• TASK ITEM
When you reach the line that contains "HI license plate ZQW433", begin copying exactly and continue through the last line below. Do not copy pictures.

• RECORDS SHOWN
□ □ □ □ □ □ □
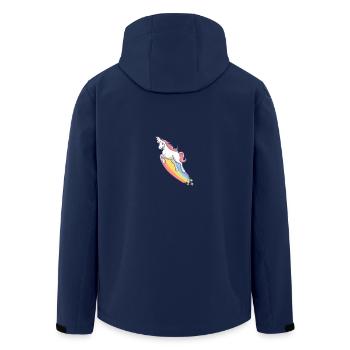 funny two-headed unicorn - Men’s Recycled Softshell Jacket by Stanley/Stella - navy - Back - AI Model Male 185 light (185cm)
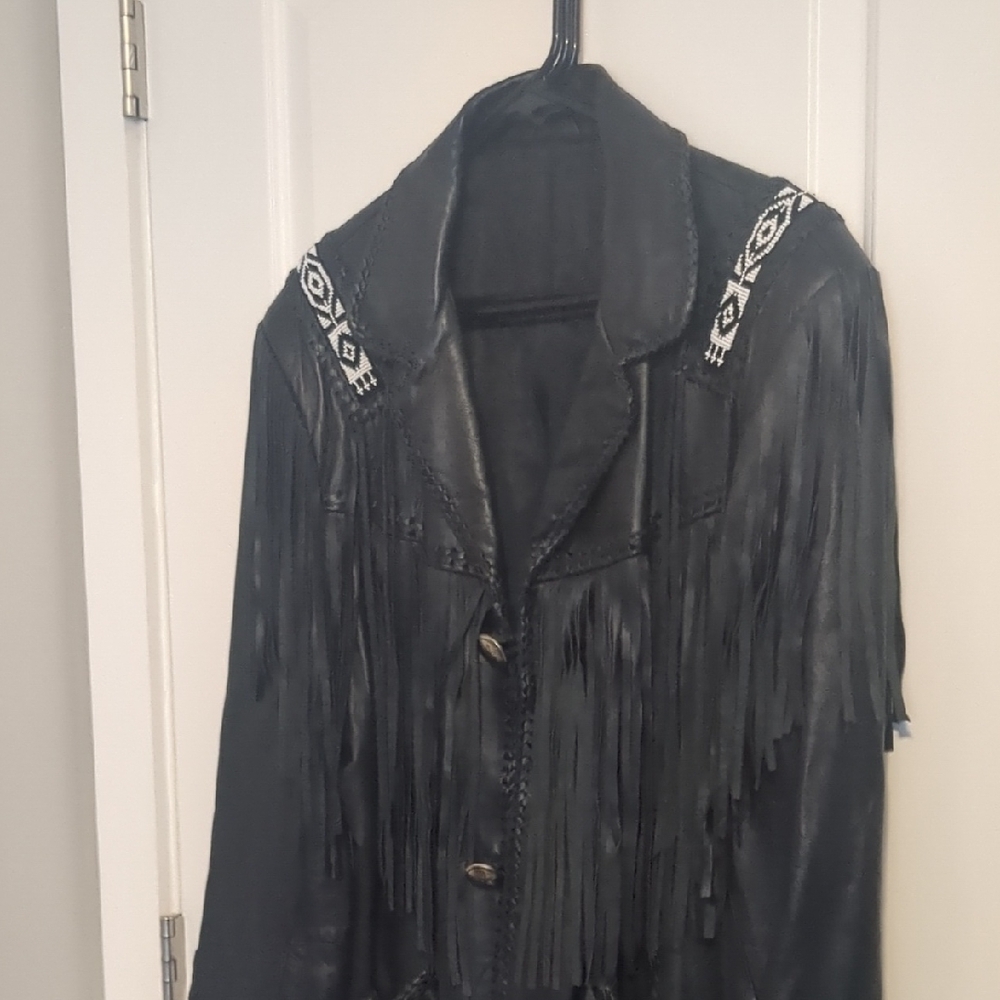 Black Fringe Leather Jacket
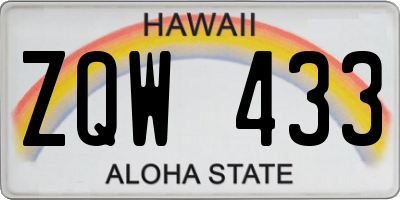 HI license plate ZQW433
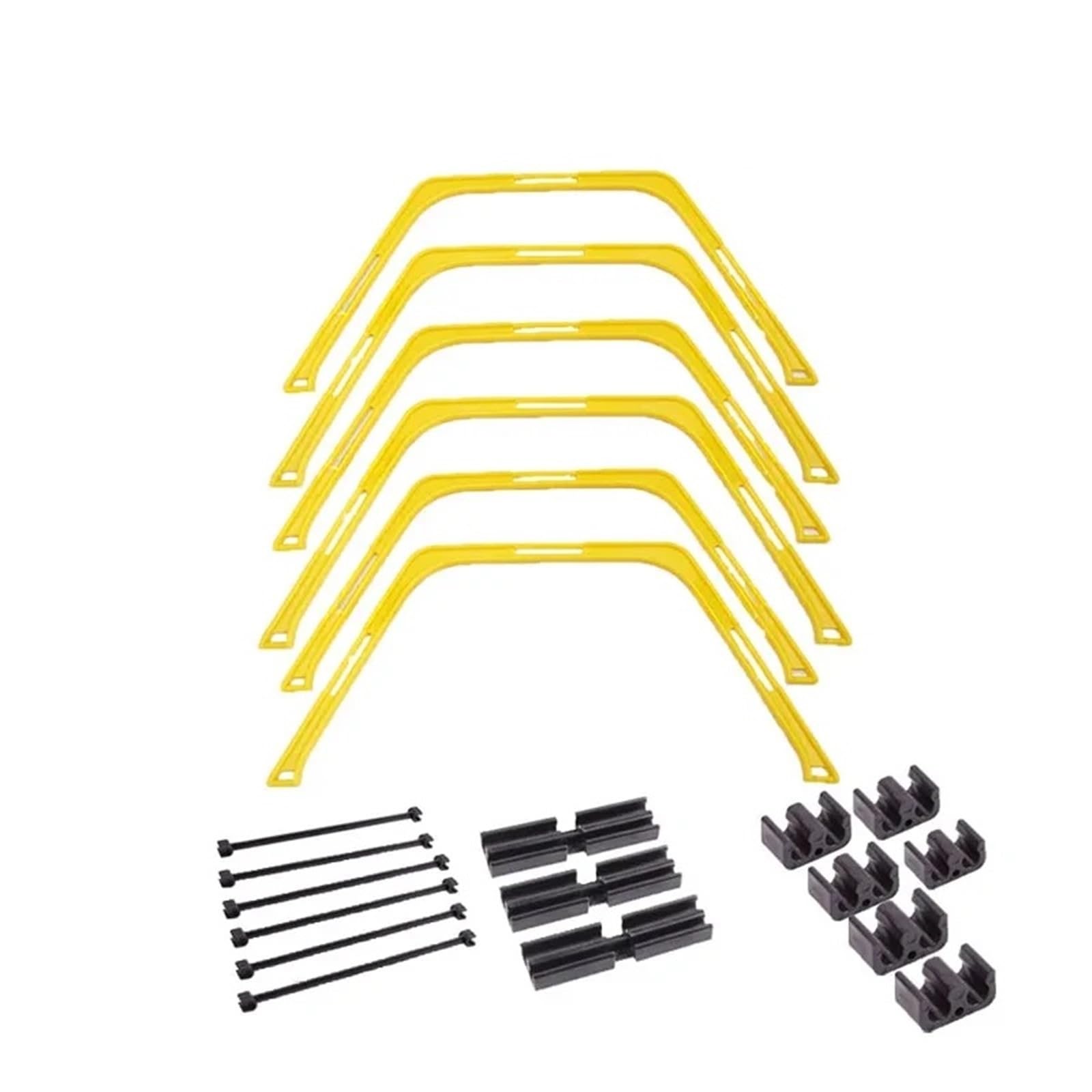 Vallas De Agilidad 6Pcs Agility Hurdles Set Football Training Folded Hexagon Ladder Multi Supplies Hex Hurdle Equipment(6Pcs Yellow)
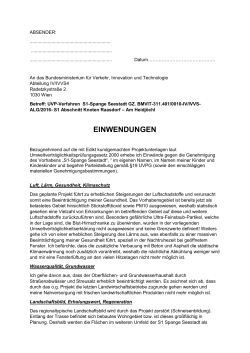 Einwendungen UVP S1 Spange - Siedlerverein Aspern Hausfeld
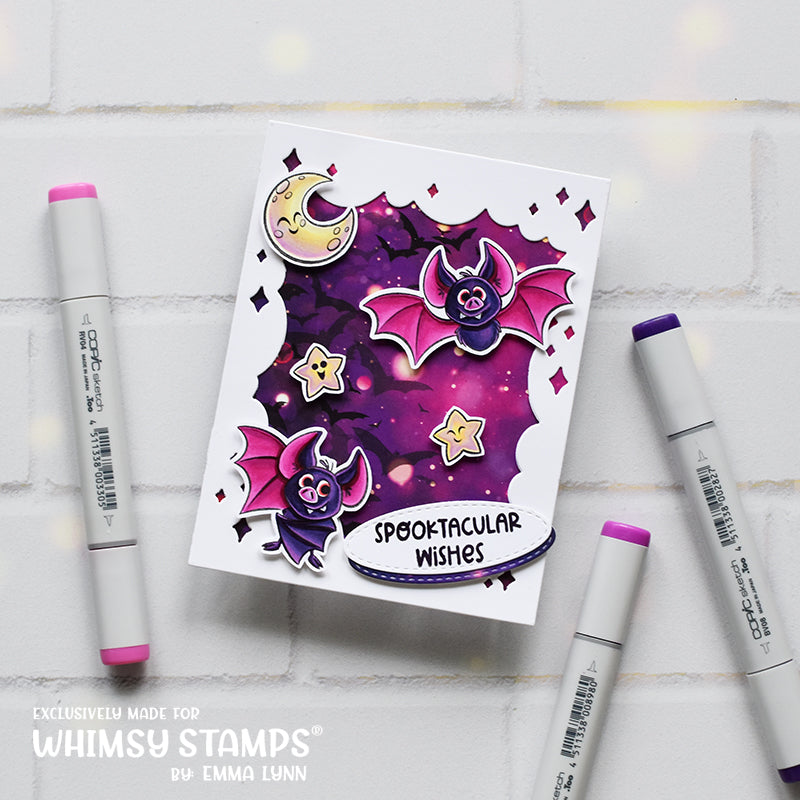 Whimsy Stamps Lets Get Spooky Clear Stamps khb162a stars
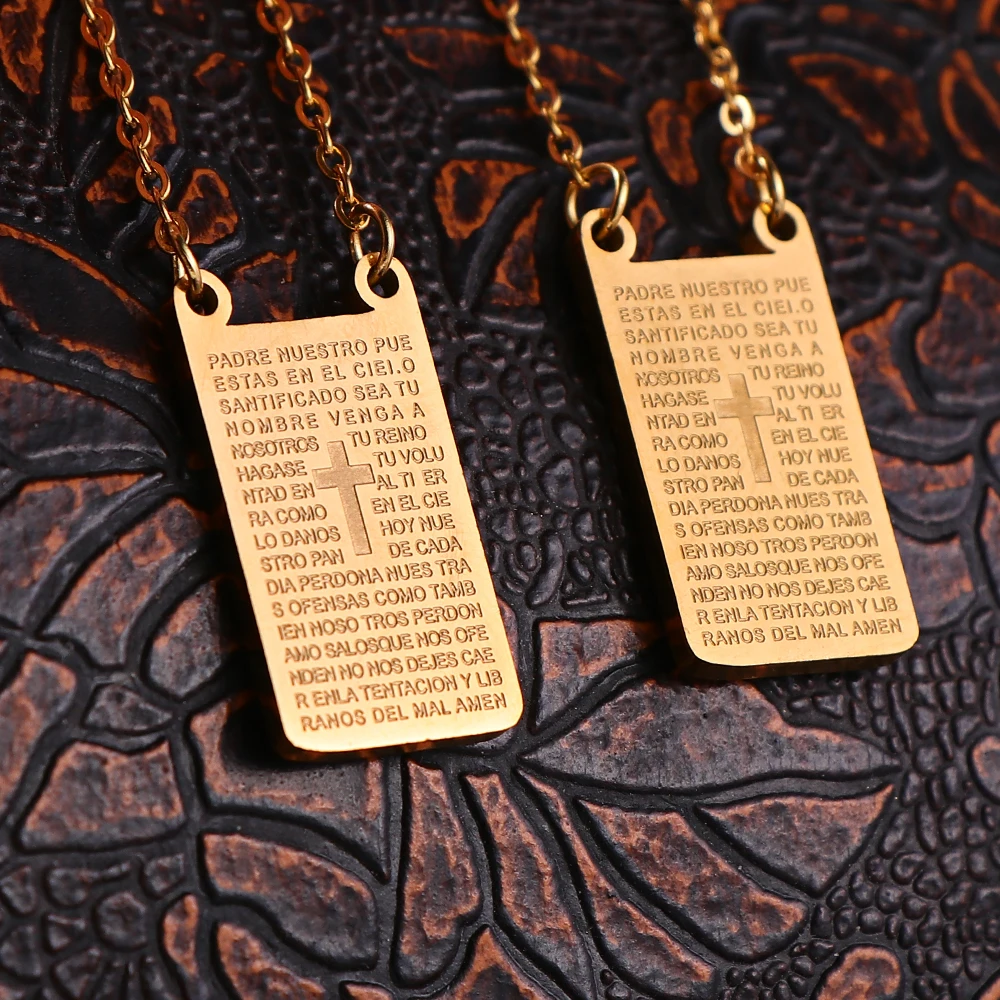 Holy Gold-Color Rosary Necklace Stainless Steel Catholic Blessed Pendant Necklace for Men Women's Medal Art Prayer Jewelry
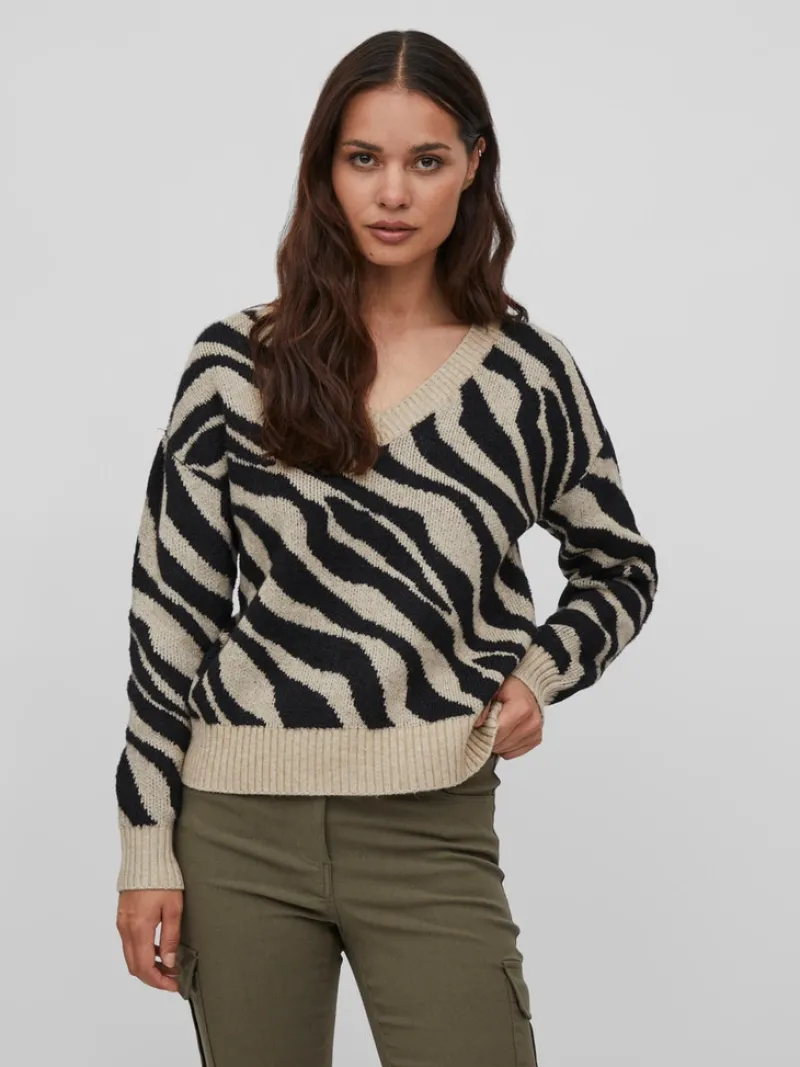 Vila Pullover & Sweatshirts*VIRIL FEAMI MIX V-NECK L/S KNIT TOP-NOOS natural melange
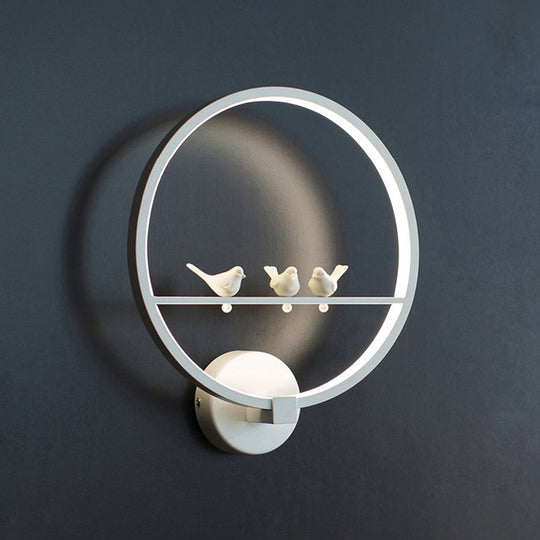 Modern Led White Circle Sconce Wall Mount Lamp With Birds Decor For Bedroom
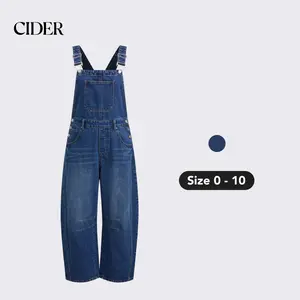 Cider [size 0-10] Denim Solid Buckle Pocket Barrel-leg Jumpsuit
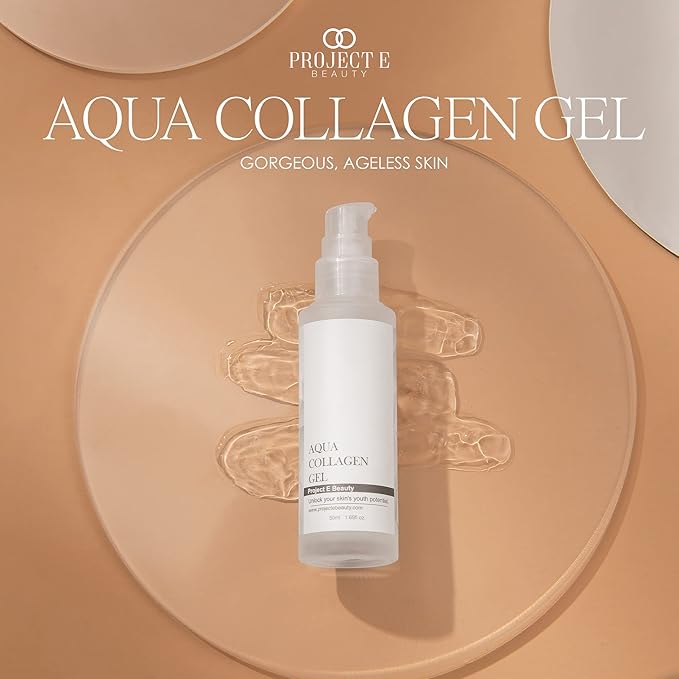 Project E Beauty Aqua Collagen Gel 24-Hour Hydration | Anti-Aging Brightening Treatment | Hydrating & Moisturizing Facial Skincare | Anti-Wrinkle Body Lotion | For Dry or Rough Skin | 50ml-Velvo Beauty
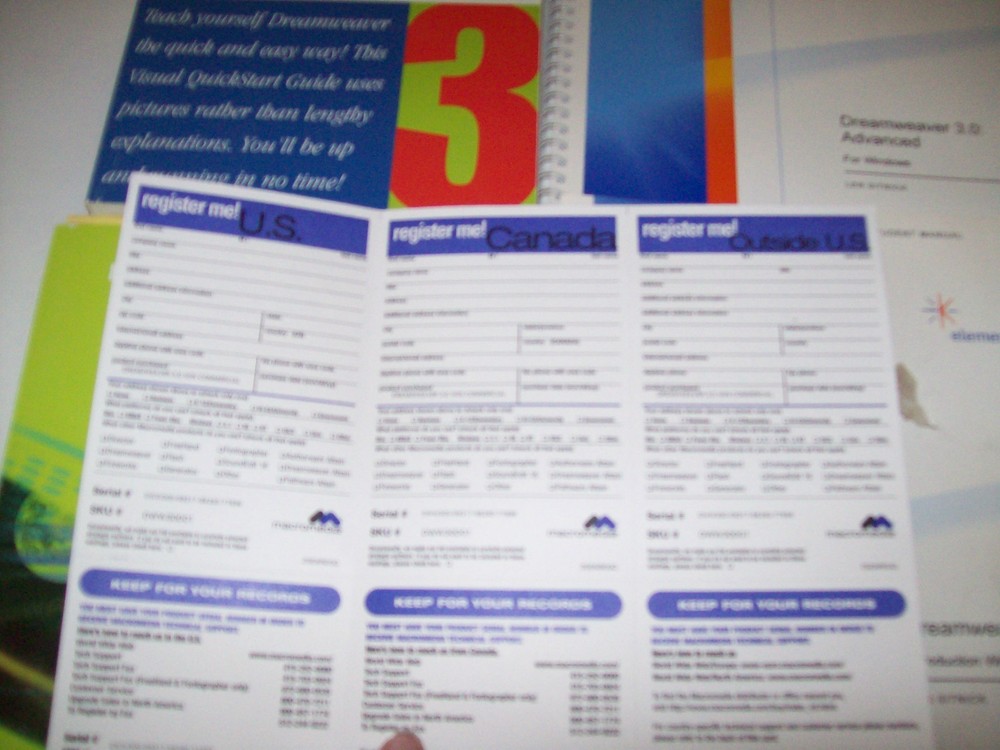 Web Page Tool Dreamweaver 3 Windows CD Quickstart Guide Manuals Using ZDWWIN30CD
□ □ □ □ □ □ □
• EXERCISE ANSWER
 HI license plate ZQW433
 Vallas De Agilidad 6Pcs Agility Hurdles Set Football Training Folded Hexagon Ladder Multi Supplies Hex Hurdle Equipment(6Pcs Yellow)
 Einwendungen UVP S1 Spange - Siedlerverein Aspern Hausfeld
 Whimsy Stamps Lets Get Spooky Clear Stamps khb162a stars
 Holy Gold-Color Rosary Necklace Stainless Steel Catholic Blessed Pendant Necklace for Men Women's Medal Art Prayer Jewelry
 Vila Pullover & Sweatshirts*VIRIL FEAMI MIX V-NECK L/S KNIT TOP-NOOS natural melange
 Modern Led White Circle Sconce Wall Mount Lamp With Birds Decor For Bedroom
 Cider [size 0-10] Denim Solid Buckle Pocket Barrel-leg Jumpsuit
 Project E Beauty Aqua Collagen Gel 24-Hour Hydration | Anti-Aging Brightening Treatment | Hydrating & Moisturizing Facial Skincare | Anti-Wrinkle Body Lotion | For Dry or Rough Skin | 50ml-Velvo Beauty
 Web Page Tool Dreamweaver 3 Windows CD Quickstart Guide Manuals Using ZDWWIN30CD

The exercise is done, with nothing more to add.